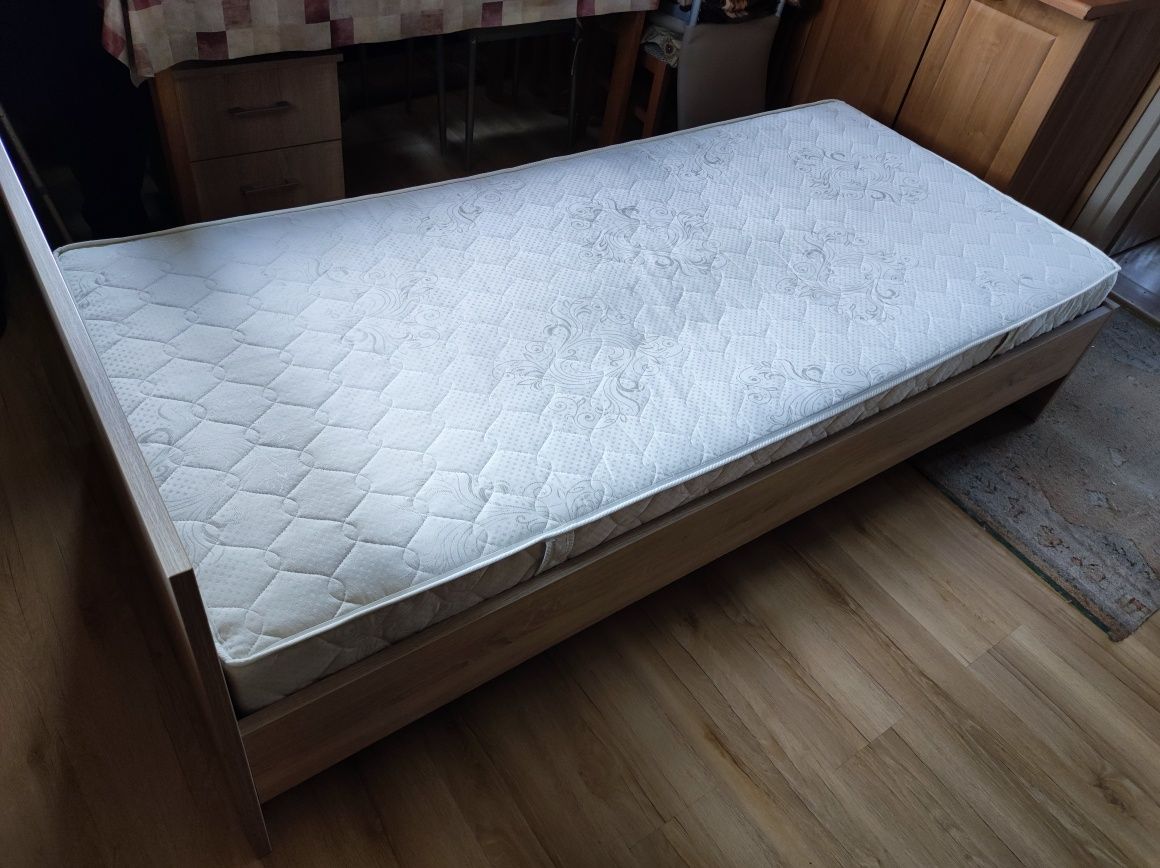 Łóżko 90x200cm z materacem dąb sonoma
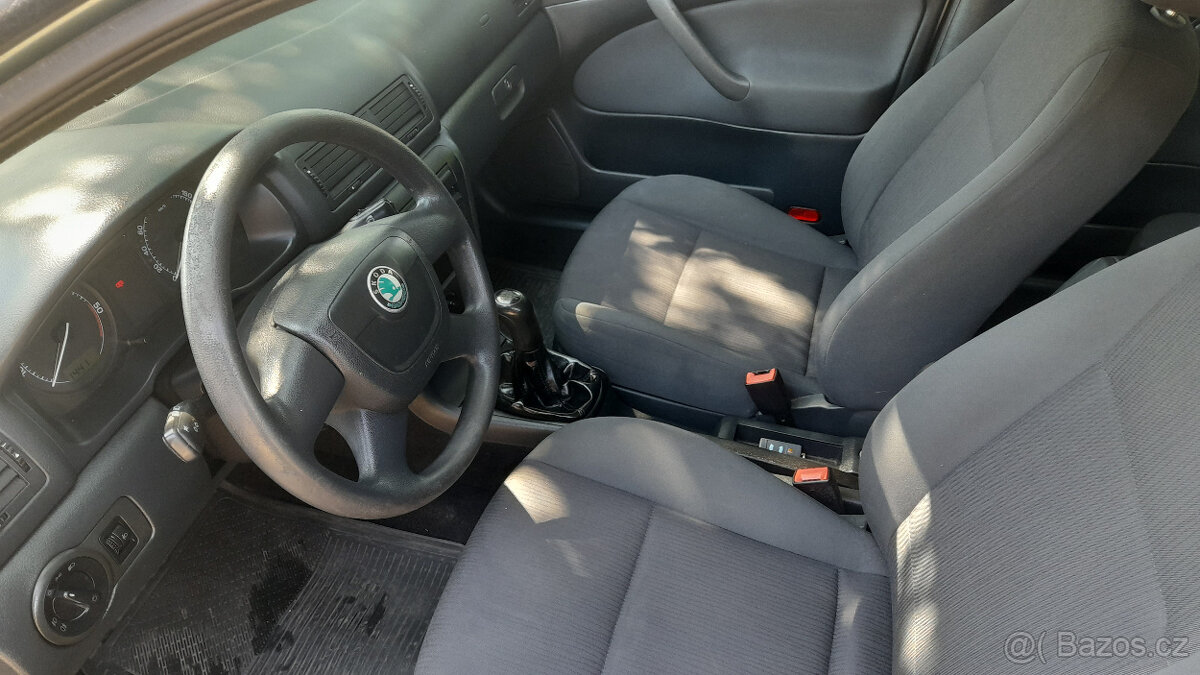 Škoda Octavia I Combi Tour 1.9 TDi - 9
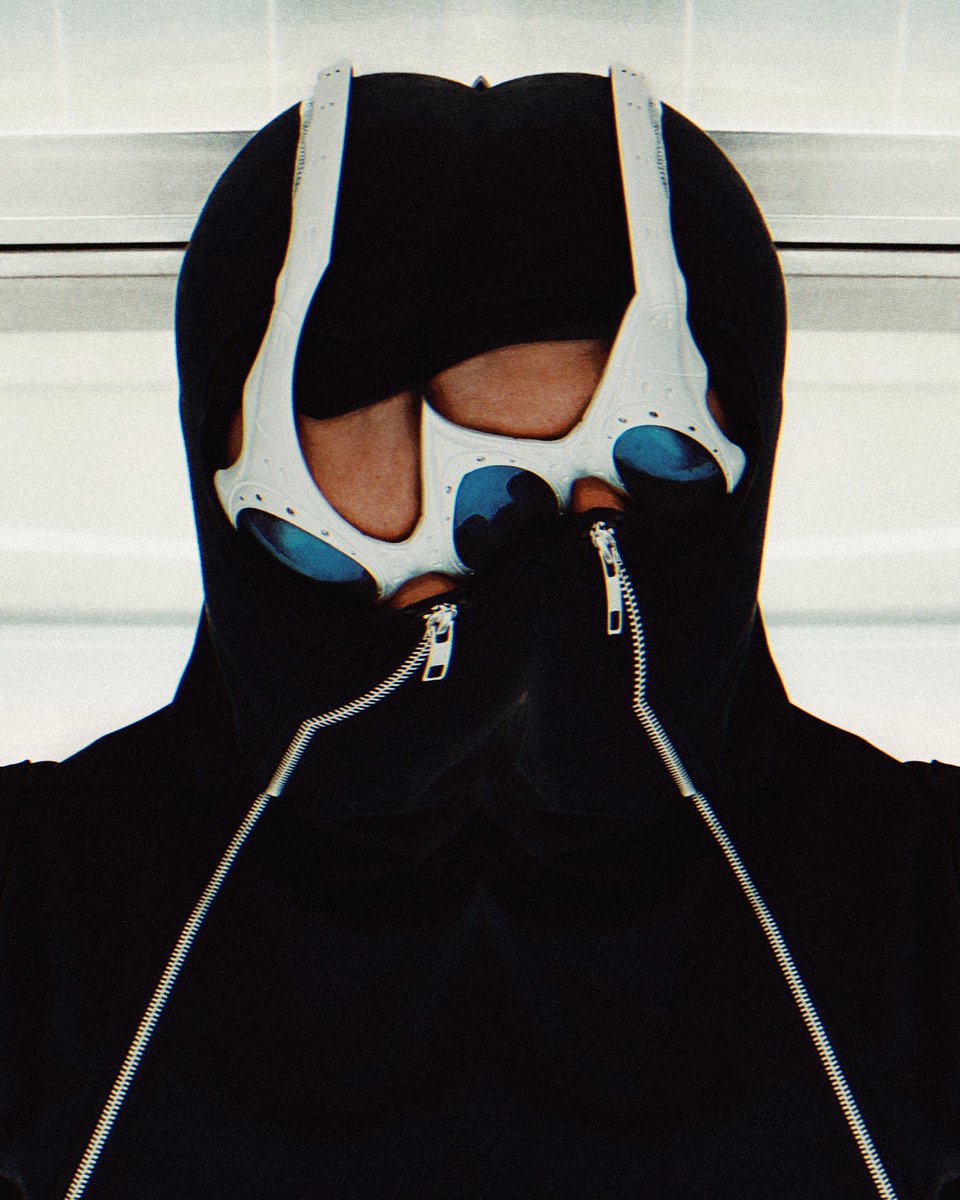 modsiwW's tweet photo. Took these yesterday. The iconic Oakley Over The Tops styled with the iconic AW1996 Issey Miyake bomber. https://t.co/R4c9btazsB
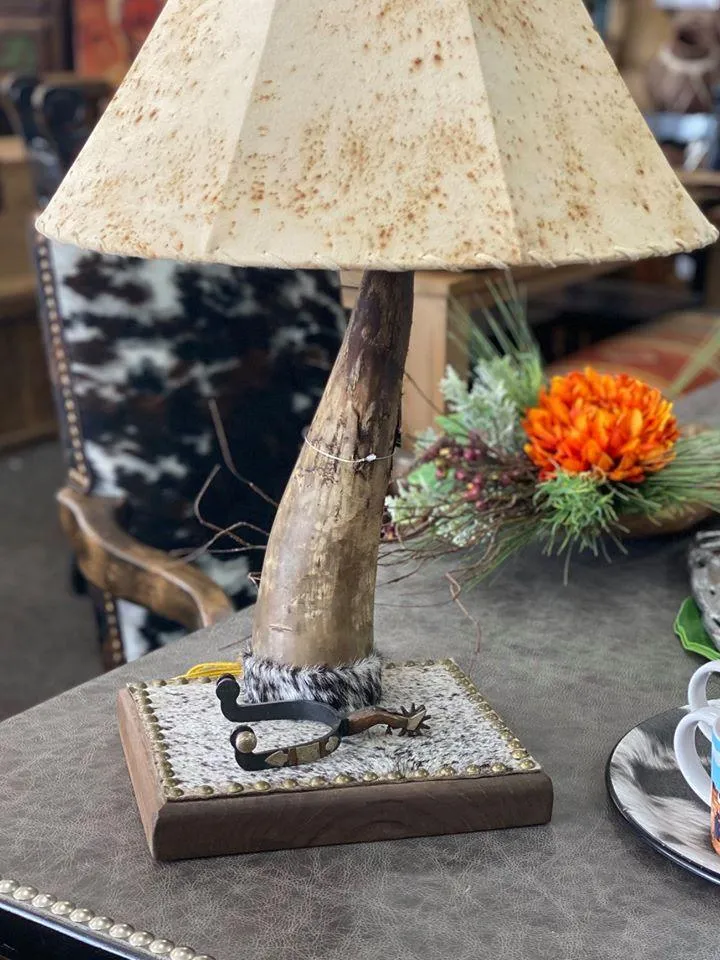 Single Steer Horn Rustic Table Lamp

::::::

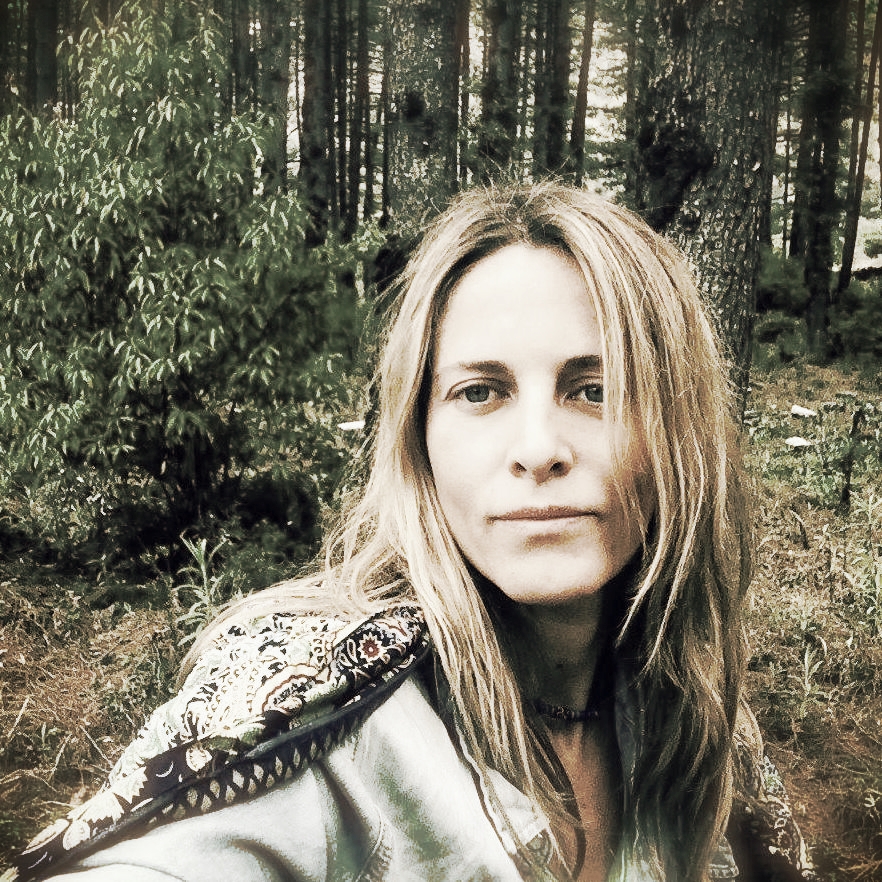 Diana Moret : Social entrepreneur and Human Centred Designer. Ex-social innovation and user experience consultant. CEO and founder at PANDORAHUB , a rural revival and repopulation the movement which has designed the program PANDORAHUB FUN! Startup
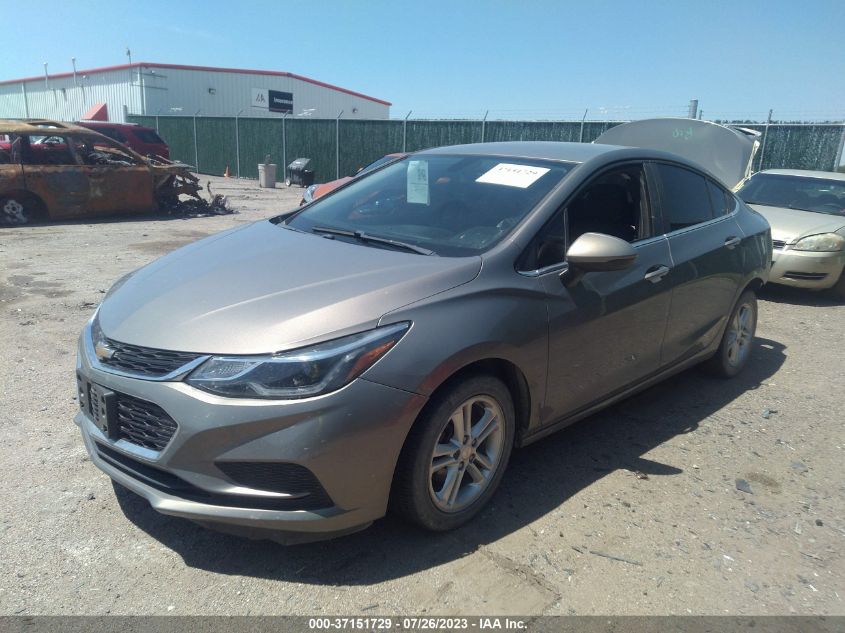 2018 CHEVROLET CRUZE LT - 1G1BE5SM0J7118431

::::::

Instructions to follow:
In the listing above, find the line with "Łóżko 90x200cm z materacem dąb sonoma" and the line with "Single Steer Horn Rustic Table Lamp". Set down both and every line between them, minus the pictures.

Written reply:
 Łóżko 90x200cm z materacem dąb sonoma
 Škoda Octavia I Combi Tour 1.9 TDi - 9
 modsiwW's tweet photo. Took these yesterday. The iconic Oakley Over The Tops styled with the iconic AW1996 Issey Miyake bomber. https://t.co/R4c9btazsB
 Single Steer Horn Rustic Table Lamp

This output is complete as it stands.